EcoSta 2024: Start Registration
View Submission - EcoSta2024
A0468
Title: A Gaussian mixture model for multiple instance learning with partially subsampled instances Authors:  Baichen Yu - Central University of Finance and Economics (China) [presenting]
Xuetong Li - Central University of Finance and Economics (China)
Jing Zhou - Renmin University of China (China)
Hansheng Wang - Peking University (China)

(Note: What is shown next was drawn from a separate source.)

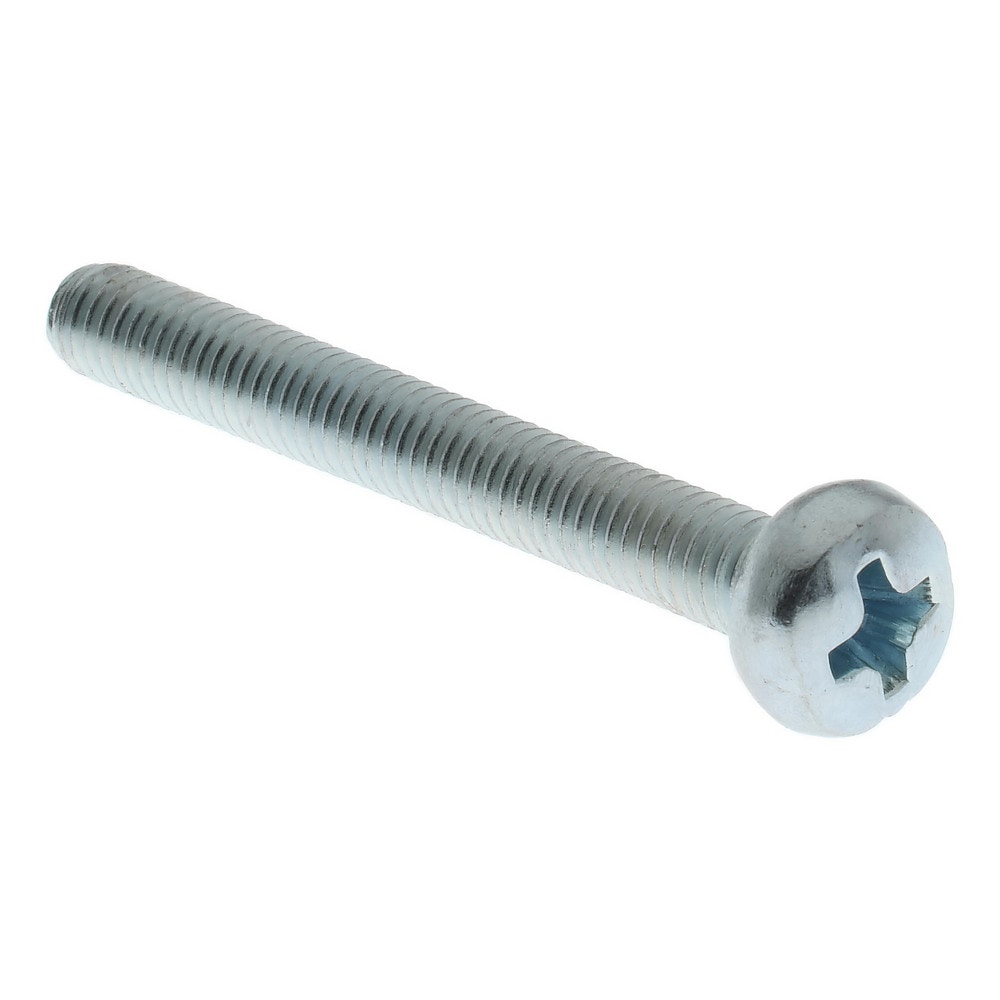 Value Collection - Machine Screw: M3x0.5 x 25.00 mm Length Under Head ...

Abstract: Multiple instance learning is a powerful machine learning technique, which is found useful when numerous instances can be naturally grouped into different bags. Accordingly, a bag-level label can be created for each bag according to whether the instances contained in the bag are all negative or not. Thereafter, how to train a statistical model with bag-level labels with/without partially labelled instances becomes a problem of great interest. To this end, a Gaussian mixture model (GMM) framework is developed to describe the stochastic behavior of the instance-level feature vectors. Both the instance-based maximum likelihood estimator (IMLE) and the bag-based maximum likelihood estimator (BMLE) are theoretically investigated. It is found that the statistical efficiency of the IMLE could be much better than that of the BMLE, if the instance-level labels are relatively hard to be predicted. To fix the problem, a subsampling-based maximum likelihood estimation (SMLE) approach is developed, where the instance-level labels are partially provided through careful subsampling. This leads to a significantly reduced labeling cost with little sacrifice in terms of statistical efficiency. Extensive simulation studies are presented to demonstrate the finite sample performance. A real data example using whole-slide images (WSIs) to diagnose metastatic breast cancer is illustrated.